▸ **Exercise instructions**: Look below for the line that contains "and Function Test", then quote it and all the lines after it, exactly, with the pictures left out.

▸ **Given material**:

* * * * * * *

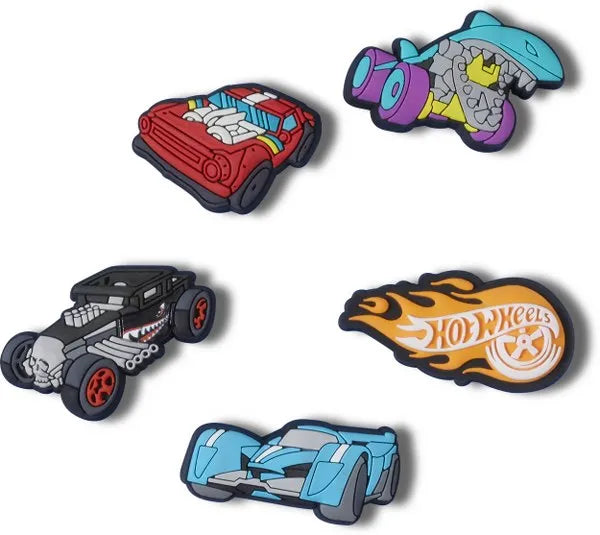 Crocs Hot Wheels 5Pck Cipődísz - Sportmania.hu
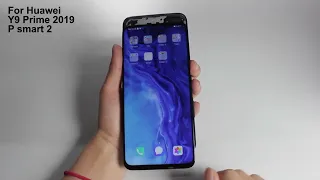 Huawei Y9  Prime 2019 LCD Screen Touch and Function Test
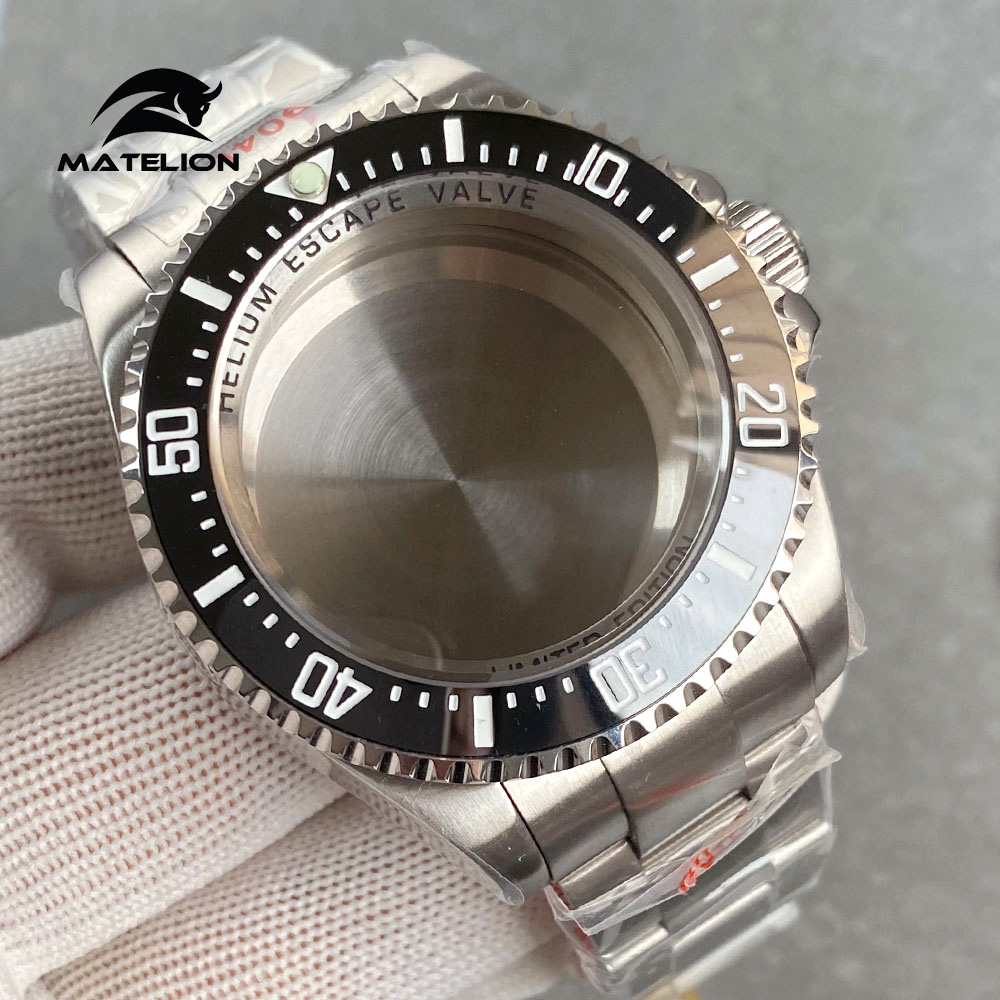 Stainless Bracelet Diver - MATELION 10ATM Dalgıç DENIZ 43mm İzle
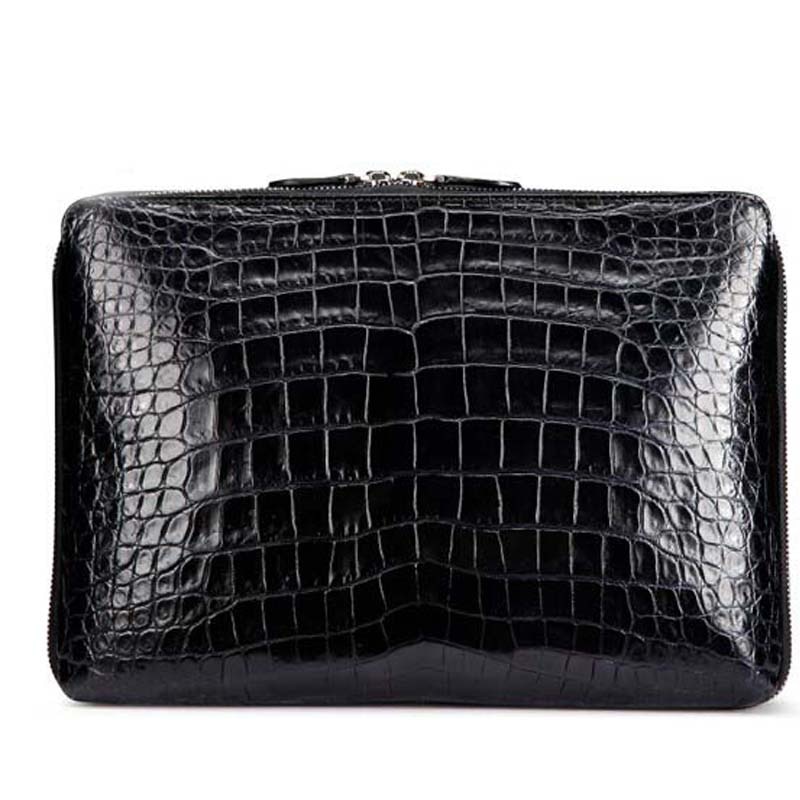 yinshang crocodile male clutch bag business men bag crocodile bag men Multifunctional men bag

* * * * * * *

▸ **Response to this task**:
 Huawei Y9  Prime 2019 LCD Screen Touch and Function Test
 Stainless Bracelet Diver - MATELION 10ATM Dalgıç DENIZ 43mm İzle
 yinshang crocodile male clutch bag business men bag crocodile bag men Multifunctional men bag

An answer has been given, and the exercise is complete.